I actually prefer wearing a jacket rather than a full length coat to fleas, so that I can rummage through ground level boxes without ruining my coat's hemline.










I couldn't resist wearing my new blouse, which I combined with a 1970s Trevira front-pleat A-line skirt in a greyish blue. I have the same one in chocolate brown, and both still have their original belts.


This time, I replaced the belt with a shiny black vinyl one.


I chose a blue cardigan to wear on top and my accessories consisted of a red plastic ring, vintage red plastic beads and a brooch featuring a pair of sparkling blackbirds.



We had hardly made a start when we came across this wooden Scottie dog. I don't know what it is with me lately. Although I am much more of a cat person, cute dog ornaments and brooches suddenly appeal to me. But no worries, I'll still end up a crazy cat lady, of that I'm sure!


Next up was this 1950s hairdryer with chrome body and Bakelite handle. Originally priced at € 8, but already reduced to € 3 as the guys selling it were having a clearance, we were practically begged to take it off their hands for € 2.






It's from a German brand named "Schott" and it seems that there was a black Bakelite version as well.

Apparently, it is missing the nozzle, but I never use that anyway.

It was still in working order, but Jos has been bringing the electrics up to date so that I can actually start using it.











From the same stall, we bought some more Bakelite, both at silly prices.

A small lidded box ...



... and a cute little torch.



We continued our journey, and had only gone a few paces when a boxful of vintage buttons caught my eye.
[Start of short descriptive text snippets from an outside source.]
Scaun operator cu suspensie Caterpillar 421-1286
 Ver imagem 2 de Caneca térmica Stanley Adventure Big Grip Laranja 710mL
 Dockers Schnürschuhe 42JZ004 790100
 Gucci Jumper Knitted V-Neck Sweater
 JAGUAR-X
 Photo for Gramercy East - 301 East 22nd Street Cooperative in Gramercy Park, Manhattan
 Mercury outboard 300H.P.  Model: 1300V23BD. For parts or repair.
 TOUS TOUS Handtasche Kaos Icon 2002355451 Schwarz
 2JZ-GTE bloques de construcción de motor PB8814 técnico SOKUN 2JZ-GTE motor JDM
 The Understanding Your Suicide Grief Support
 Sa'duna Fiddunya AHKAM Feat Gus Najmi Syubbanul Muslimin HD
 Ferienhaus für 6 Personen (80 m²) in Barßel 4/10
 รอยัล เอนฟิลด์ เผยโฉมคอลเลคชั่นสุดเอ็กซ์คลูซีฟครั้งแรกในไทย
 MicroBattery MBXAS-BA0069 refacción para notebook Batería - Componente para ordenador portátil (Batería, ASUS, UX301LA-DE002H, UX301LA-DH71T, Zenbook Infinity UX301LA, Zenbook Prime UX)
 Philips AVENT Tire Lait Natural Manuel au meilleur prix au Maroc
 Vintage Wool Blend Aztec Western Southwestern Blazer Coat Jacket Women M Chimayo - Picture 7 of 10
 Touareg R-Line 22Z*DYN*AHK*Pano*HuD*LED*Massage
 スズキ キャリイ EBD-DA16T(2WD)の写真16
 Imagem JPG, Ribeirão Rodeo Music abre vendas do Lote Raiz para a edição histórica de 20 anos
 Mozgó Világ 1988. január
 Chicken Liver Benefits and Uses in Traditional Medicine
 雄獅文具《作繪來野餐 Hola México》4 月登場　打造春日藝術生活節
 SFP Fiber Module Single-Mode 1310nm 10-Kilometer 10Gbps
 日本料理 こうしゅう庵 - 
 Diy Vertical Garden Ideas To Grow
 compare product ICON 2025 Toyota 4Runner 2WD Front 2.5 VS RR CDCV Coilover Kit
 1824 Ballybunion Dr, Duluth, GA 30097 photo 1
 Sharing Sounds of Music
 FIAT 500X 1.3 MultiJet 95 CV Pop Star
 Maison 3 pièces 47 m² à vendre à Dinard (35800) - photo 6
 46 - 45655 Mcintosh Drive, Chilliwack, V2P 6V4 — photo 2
I am not a sewer, just a  "replacer-of-buttons", which of course is a necessity when buying vintage clothing, and I can never ever resist a rummage through some vintage buttons.

They are so much nicer than what's on sale nowadays, and as these were only € 1 per set, it would have been rude not to buy any.


The "brooch lady" doesn't have a pitch at this market, more's the pity, but I still managed to find a couple of nice brooches, as well as a pair of amber coloured earrings, for € 2 each.

It looks like one of the elephants was trying to escape, the little rascal, which was soon fixed by my personal handy-man, Jos.


I came across several drool-worthy brooches, but all were way beyond what I was willing to pay.

The owner of one stall, who trades at several flea markets we are frequenting, automatically says € 10 when asked for a price. Now, I'm not saying that some of her things aren't worth € 10,- but she never, ever differentiates. If you look doubtful, she adds that the item is "old".

Nevertheless, we can never resist asking her the price of at least one item just to test her.



Ever since I blogged about my first proper collection, the keyrings, I always look out for them on flea markets and often end up buying some I remember having as a child.

Aren't those chocolate bars and the Dreft washing up liquid (Belgium's version of Fairy Liquid) super cute?
I loved playing with these as a child, so no wonder most of them didn't survive ...

Our last purchase was the raspberry pink beret, which cost € 2, and which neatly brings us back to the start of this post!

No flea markets this weekend, so what shall we do?

Whatever it is, it won't be Christmas shopping, that's for sure!